#### WORK ITEM:
Your task is to transcribe the material that follows, line by line and exactly.

#### DATA EXTRACT:

▬▬▬

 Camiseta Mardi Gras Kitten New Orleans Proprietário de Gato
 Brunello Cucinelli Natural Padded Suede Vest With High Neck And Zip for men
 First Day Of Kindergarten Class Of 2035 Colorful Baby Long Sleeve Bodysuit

▬▬▬

#### PROBLEM SOLUTION:
 Camiseta Mardi Gras Kitten New Orleans Proprietário de Gato
 Brunello Cucinelli Natural Padded Suede Vest With High Neck And Zip for men
 First Day Of Kindergarten Class Of 2035 Colorful Baby Long Sleeve Bodysuit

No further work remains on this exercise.